COMSOL Multiphysics is used to solve the bidirectionally coupled physics equations. COMSOL uses Finite Element methods to discretize the elastostatic and the Reynolds equations to form the respective system of equations. The force term in the elastostatic system of equations is a function of the pressure flow field. In the case of the flow field system of equations, the stiffness matrix is a function of (deformation, pressure) and the load vector is a function of pressure. To solve the bidirectionally coupled system of equations, the fully coupled solver of COMSOL is used with the nonlinear Newton’s method. The MUMPS direct solver is used for solving the linear system of equations in the linearized step of the nonlinear Newton’s method [42]. In the fully coupled solver, the Reynolds equation is solved to obtain the pressure field inside the clearance, and the pressure field is applied as the boundary load on the inner surface of the sleeve. The elastostatics equations are then solved to determine the structural deformation on the sleeve. The change in the seal clearance height is fed back to the Reynolds equation to calculate the updated pressure. This procedure was performed back and forth until convergence was achieved for the final pressure distribution in the clearance as well as the final deformation of the seal.
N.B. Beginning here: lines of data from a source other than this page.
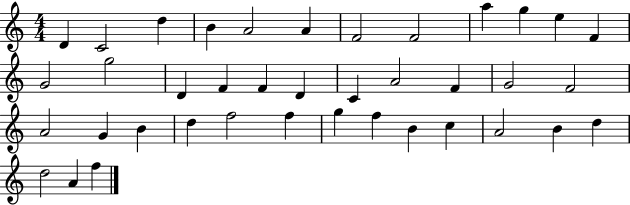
{
  \clef treble
  \numericTimeSignature
  \time 4/4
  \key c \major
  d'4 c'2 d''4 | b'4 a'2 a'4 | f'2 f'2 | a''4 g''4 e''4 f'4 | \break g'2 g''2 | d'4 f'4 f'4 d'4 | c'4 a'2 f'4 | g'2 f'2 | \break a'2 g'4 b'4 | d''4 f''2 f''4 | g''4 f''4 b'4 c''4 | a'2 b'4 d''4 | \break d''2 a'4 f''4 | \bar "|."
} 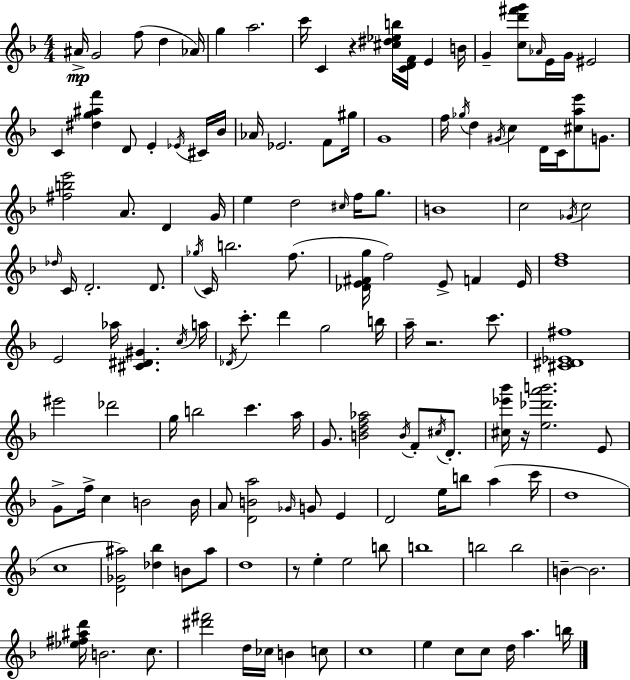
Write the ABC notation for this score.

X:1
T:Untitled
M:4/4
L:1/4
K:Dm
^A/4 G2 f/2 d _A/4 g a2 c'/4 C z [^c^d_eb]/4 [CDF]/4 E B/4 G [cd'^f'g']/2 _A/4 E/4 G/4 ^E2 C [^dg^af'] D/2 E _E/4 ^C/4 _B/4 _A/4 _E2 F/2 ^g/4 G4 f/4 _g/4 d ^G/4 c D/4 C/4 [^cae']/2 G/2 [^fbe']2 A/2 D G/4 e d2 ^c/4 f/4 g/2 B4 c2 _G/4 c2 _d/4 C/4 D2 D/2 _g/4 C/4 b2 f/2 [_DE^Fg]/4 f2 E/2 F E/4 [df]4 E2 _a/4 [^C^D^G] c/4 a/4 _D/4 c'/2 d' g2 b/4 a/4 z2 c'/2 [^C^D_E^f]4 ^e'2 _d'2 g/4 b2 c' a/4 G/2 [Bdf_a]2 B/4 F/2 ^c/4 D/2 [^c_e'_b']/4 z/4 [e_d'a'b']2 E/2 G/2 f/4 c B2 B/4 A/2 [DBa]2 _G/4 G/2 E D2 e/4 b/2 a c'/4 d4 c4 [D_G^a]2 [_d_b] B/2 ^a/2 d4 z/2 e e2 b/2 b4 b2 b2 B B2 [_e^f^ad']/4 B2 c/2 [^d'^f']2 d/4 _c/4 B c/2 c4 e c/2 c/2 d/4 a b/4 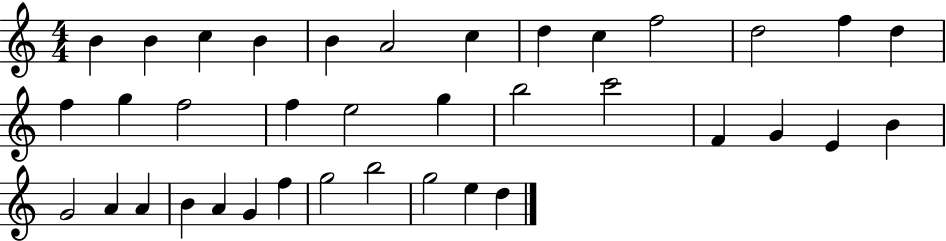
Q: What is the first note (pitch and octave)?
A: B4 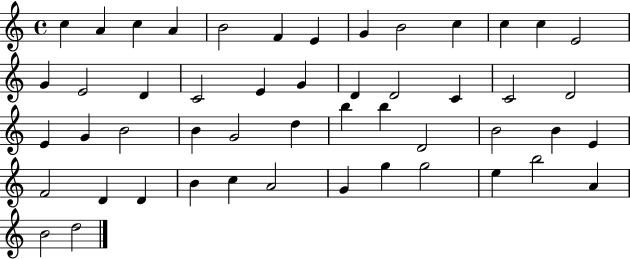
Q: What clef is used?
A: treble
When carrying out CFD/FEA simulations, as a general rule of thumb, the simulation results need to be validated either with analytical solutions or experimental data. At the time of writing this manuscript, no experimental data was available for the EHD seal design. Thus, we performed an analytical case study to compare its results with the simulation data so that we can prove the fidelity of our simulations. Analytical solutions are usually available for relatively simplified models, while the solutions of the coupled, highly nonlinear partial differential equations require the use of computer simulations. Therefore, we reduced the fully coupled Fluid–Solid-Interaction (FSI) problem to a one-way coupled FSI one. Further, although the one-dimensional Reynolds equation can conveniently be applied to the flow domain, the deformation of the seal is a 2D problem, and solving a 2D elastostatics problem analytically is quite challenging. Therefore, we only compared the theoretical and computational results of the flow domain to validate our simulation methodology. Next, we discuss the analytical modeling of the flow domain.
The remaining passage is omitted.